Question 2 True / False
KL divergence is a proper distance metric between probability distributions.
TTrue
FFalse
Answer: False
KL divergence is NOT a metric. It fails two requirements: (1) it is not symmetric — D_KL(P||Q) != D_KL(Q||P) in general, and (2) it does not satisfy the triangle inequality. It is sometimes called a 'divergence' or 'relative entropy' specifically to avoid the word 'distance.' However, it has deep connections to actual metrics: the symmetrized KL (D_KL(P||Q) + D_KL(Q||P)) and the square root of the Jensen-Shannon divergence (which IS a metric) are commonly used alternatives.
Question 3 Multiple Choice
In variational inference, we minimize D_KL(q || p) where q is an approximate posterior and p is the true posterior. Why does this tend to produce approximations q that are more concentrated (mode-seeking) than the true posterior?

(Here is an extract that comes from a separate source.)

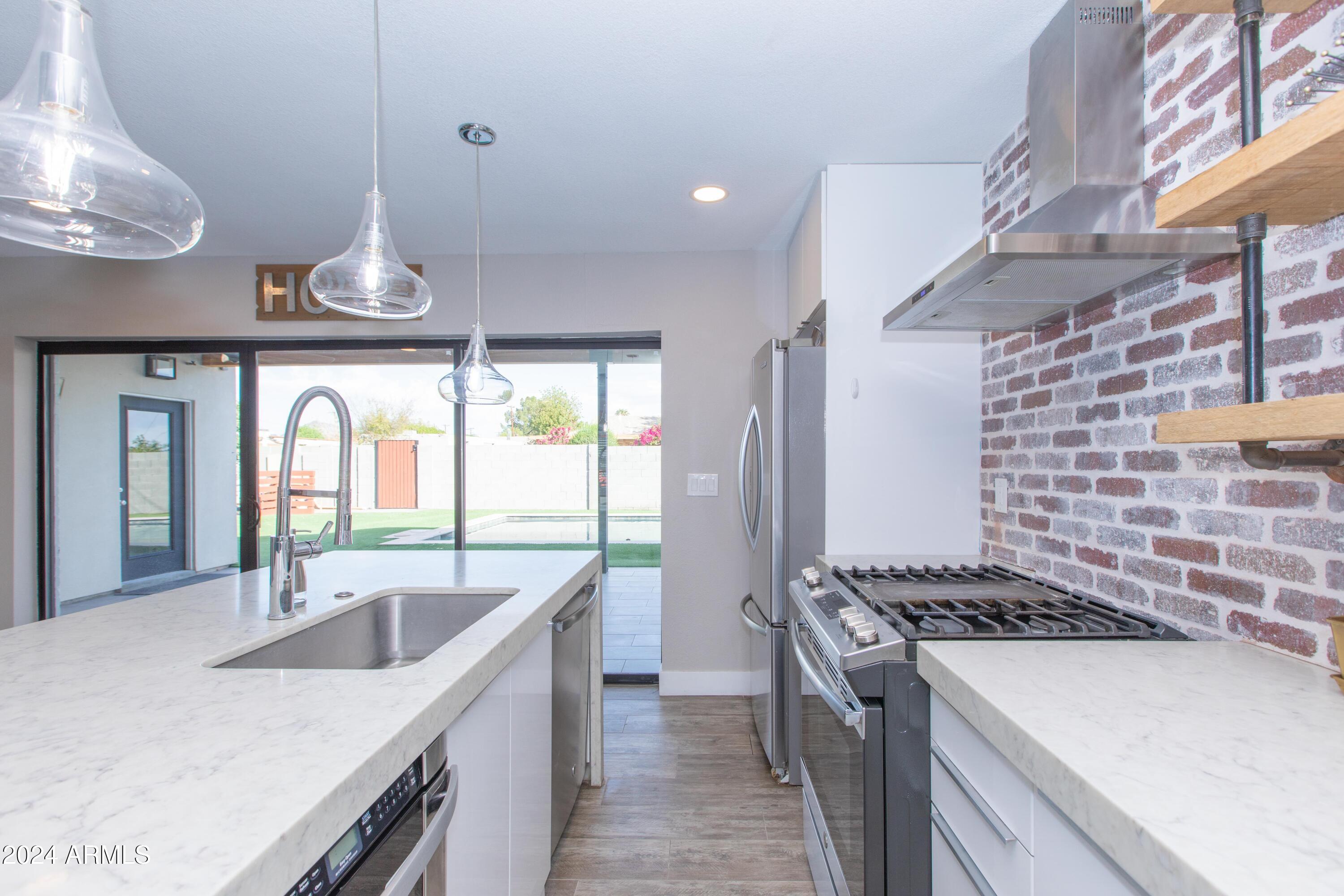 7544 E MCKINLEY Street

AMinimizing D_KL(q||p) penalizes q for placing mass where p has low density, so q avoids the tails and concentrates on a single mode
BD_KL(q||p) is always smaller than D_KL(p||q), forcing q to be narrower
CVariational inference uses gradient descent, which naturally converges to point estimates
DThe KL divergence is symmetric, so the direction does not matter
D_KL(q||p) = sum q(x) log(q(x)/p(x)). Where q(x) > 0 but p(x) ≈ 0, the log ratio explodes, creating a huge penalty. So q learns to avoid placing mass anywhere p does not — it 'fits inside' p. For a multimodal p, q will typically collapse to a single mode rather than spread across all modes. The reverse KL, D_KL(p||q), has the opposite behavior: it penalizes q for assigning low probability where p is high, producing moment-matching (mean-seeking) approximations that cover all modes but may be too diffuse.
Question 4 Short Answer
Explain the relationship between KL divergence and mutual information. How is I(X;Y) expressed as a KL divergence, and what does this representation reveal?
Think about your answer, then reveal below.

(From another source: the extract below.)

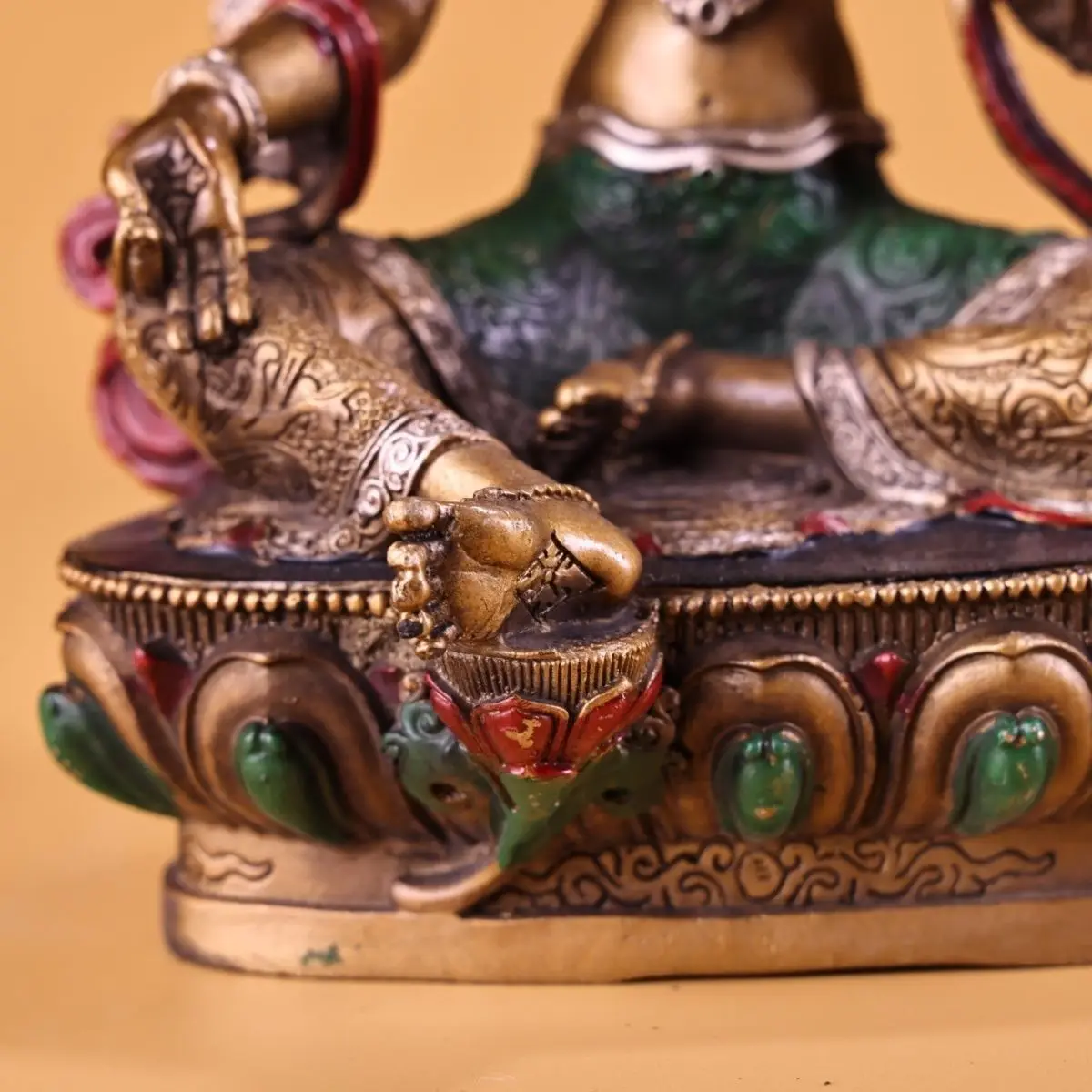 Treasures, old collections, pure copper chisel engraving, painted gold-painted green Tara, weighing 60 grams, 21 cm high and 13C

Model answer: Mutual information is the KL divergence between the joint distribution and the product of marginals: I(X;Y) = D_KL(p(x,y) || p(x)p(y)). This reveals that mutual information measures how far X and Y are from being independent — it is the information cost of wrongly assuming independence when the variables are actually dependent. If X and Y are independent, the joint equals the product of marginals, the KL divergence is zero, and I(X;Y) = 0. This representation also makes it clear why mutual information is always non-negative: it inherits this from Gibbs' inequality (D_KL >= 0).

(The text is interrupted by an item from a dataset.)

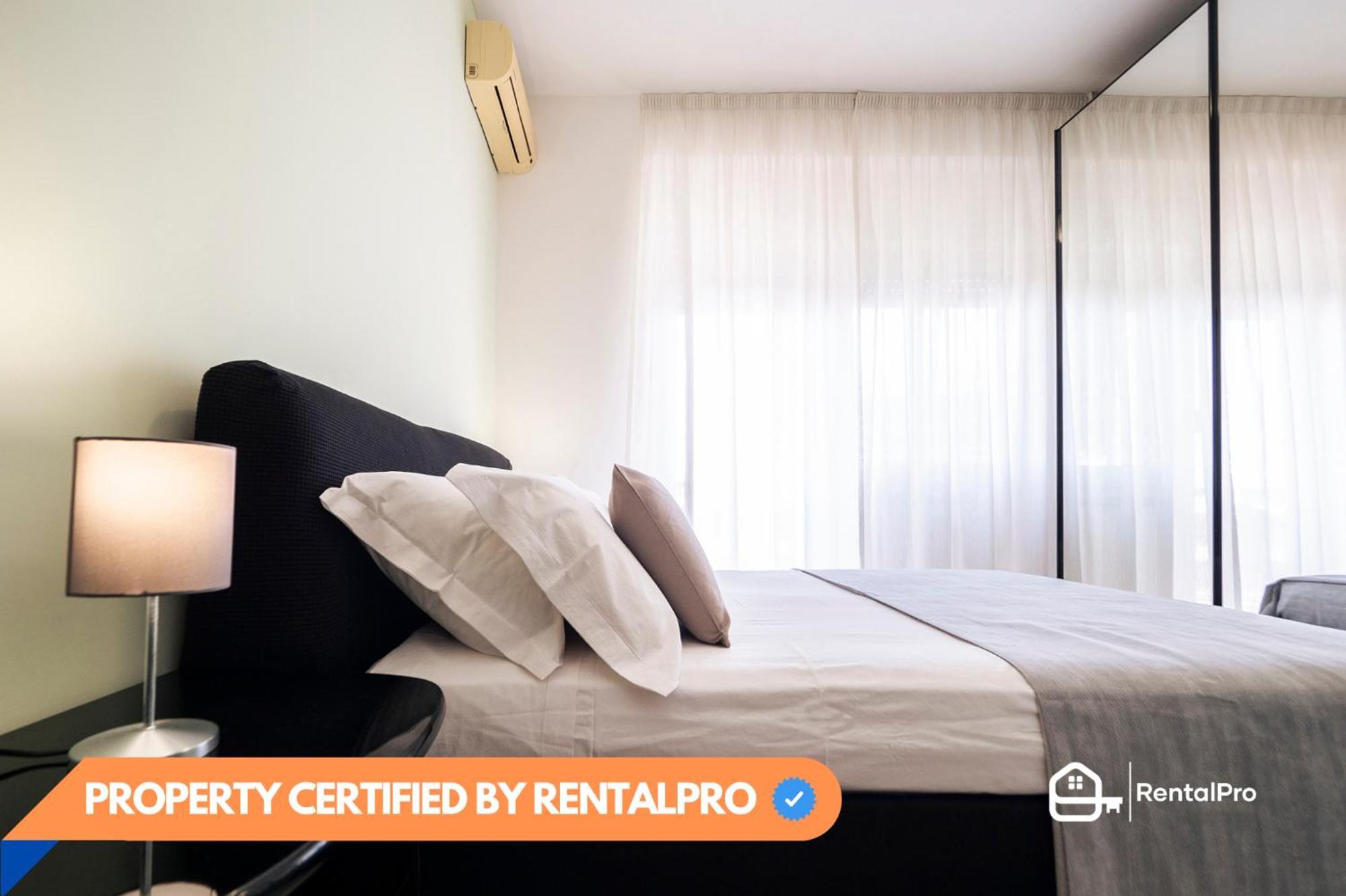 A/c - Pool - Parking Metro B Appartement *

This connection unifies two fundamental concepts: KL divergence as a measure of distributional difference, and mutual information as a measure of statistical dependence. Many other information-theoretic quantities (conditional mutual information, information gain in decision trees, ELBO in variational inference) can similarly be expressed as KL divergences.